(RAW DATA):

# # # #

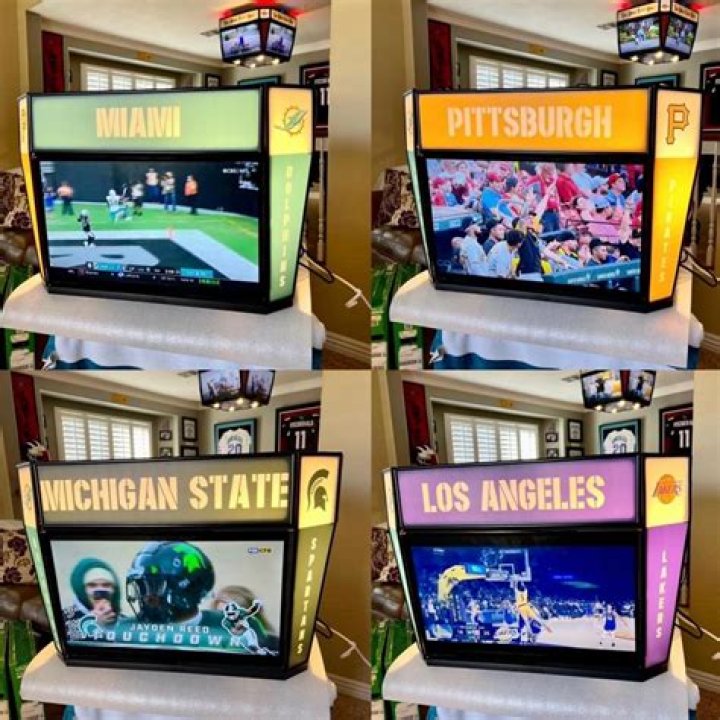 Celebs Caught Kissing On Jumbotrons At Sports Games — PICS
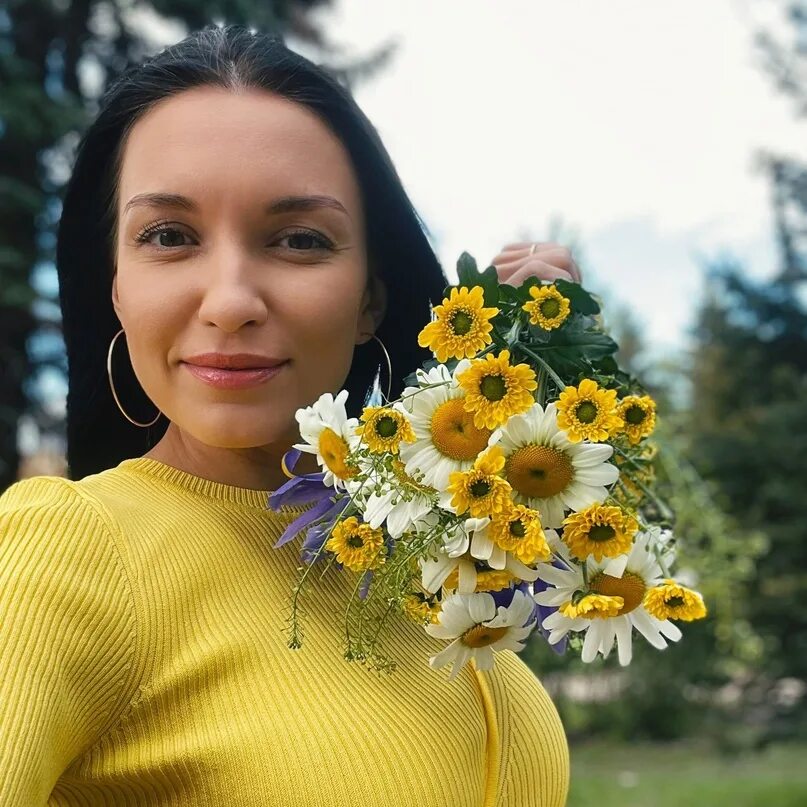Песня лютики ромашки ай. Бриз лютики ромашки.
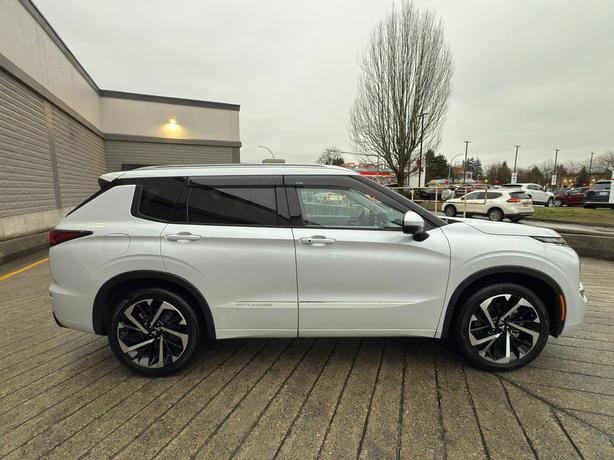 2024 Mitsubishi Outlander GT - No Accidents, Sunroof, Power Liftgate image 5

# # # #

(TASK STATEMENT):
Without the pictures, retype the whole of the material above exactly.

(SOLUTION TO THIS TASK):
 Celebs Caught Kissing On Jumbotrons At Sports Games — PICS
Песня лютики ромашки ай. Бриз лютики ромашки.
 2024 Mitsubishi Outlander GT - No Accidents, Sunroof, Power Liftgate image 5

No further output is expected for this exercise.